Phase Four: Reviewing Themes
The provisional themes/subthemes were reviewed in relation to the original codes to check whether they still represented the data. When a code seemed inconsistent with the theme it was grouped under, the code was moved to a more appropriate theme, or the theme name was modified to better capture its assigned codes. After a satisfactory thematic map was created, the second author checked whether each of the themes was meaningfully distinct and whether they came together to form a coherent and informative narrative that represented that data or if further analysis was necessary (Terry et al., 2017). As a part of a negative case analysis (Lincoln & Guba, 1985), checks on whether there were any themes or data points that were overwhelmingly contradicted were carried out. When there were only a couple contradictory data items in relation to a theme, it was subject to peer debrief again and then finalized. Peer debrief was discussion-focused and centered on clarification questions and possible alternative interpretations of the codes’ meaning, and emphasized developing a richer and more nuanced understanding of the data rather than full consensus on meaning (see Braun & Clarke, 2019). Discussions centered around each members’ thoughts, and the primary coder incorporated the content of the discussion as they saw fit to better their own understanding and conceptualization of the data.
Phase Five: Defining and Naming Themes
Short summaries of the meaning behind each theme and subtheme were created and then named based on their underlying meaning (Terry et al., 2017). Titles and definitions were reviewed by other research team members, and peer debriefing was utilized to discuss and have the coder revise the titles and definitions as needed. Finally, an inquiry audit was carried out by the third author according to the procedure outlined by Lincoln and Guba (1985) to review the analytical procedures and decisions for fidelity to the research design and the confirmability of the findings.

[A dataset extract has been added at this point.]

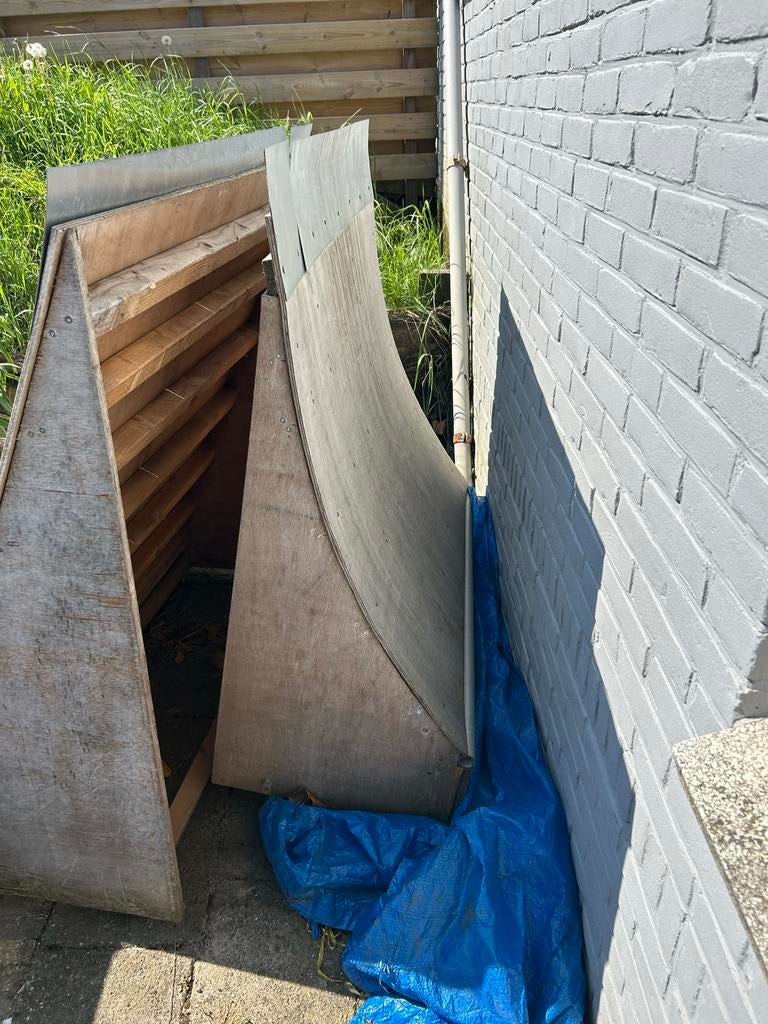 Skate ramp / quarterpipe  - gratis, Ophalen, Gebruikt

Phase Six: Producing the Report
The order in which the themes were presented followed a logical ordering of the narrative of the story that was derived from the data. Thick (elaborate) extracts of client statements were utilized to provide contextual information (Lincoln & Guba, 1985).

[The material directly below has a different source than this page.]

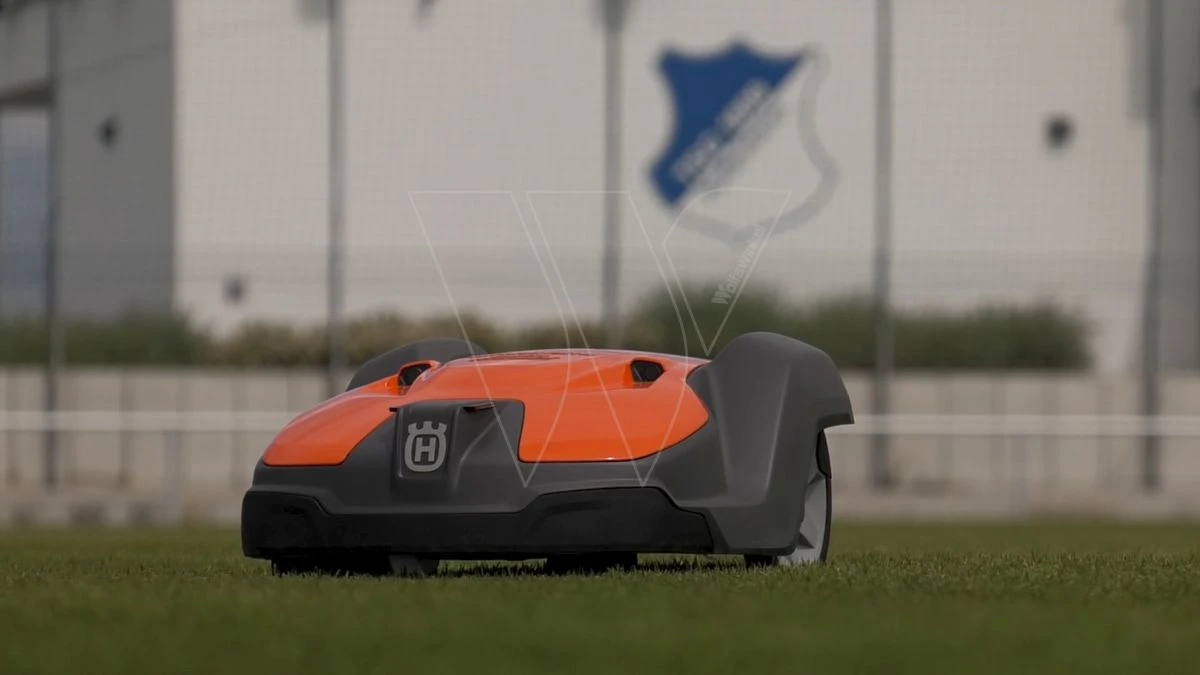 Husqvarna 550 Prof Automower <5000m2 11 Husqvarna 550 Prof Automower <5000m2 - Afbeelding 9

Methodological Integrity and Trustworthiness
To build the trustworthiness of the study and findings, steps were taken to establish credibility, transferability, and confirmability (Lincoln & Guba, 1985). To ensure that the results of the analysis were credible, the second author engaged in prolonged observation of the data and reviewed ample literature on IPV amongst immigrant and refugee populations prior to beginning the analytic process. Additionally, each source of data was read three times before codes were generated to ensure that the codes and themes would be based on a sound understanding of the data. Furthermore, throughout the analysis, the research team was consulted to review generated codes and themes to promote sufficient elaboration and coherence as well as to review the analytic process itself for fidelity to RTA procedures. To allow for readers to make a sound judgment of the results’ transferability to different situations, the researchers ensured that rich descriptions of the themes were provided along with contextual information that included transcript excerpts (Lincoln & Guba, 1985; Nowell et al., 2017). The researchers also reported demographic information from the participants to aid in judgments about transferability. To promote results’ confirmability (Nowell et al., 2017), a detailed audit trail (Lincoln & Guba, 1985) was created, which included all data, a coding history, a history of the thematic structure developed, and reflective notes from the analytic process (Halpern, 1983; Lincoln & Guba, 1985). The audit trail was evaluated by the third author.
Results
Figure 1 shows the thematic map of the survivors’ journey and recovery process, which includes three macro themes, each of which is built upon smaller subthemes.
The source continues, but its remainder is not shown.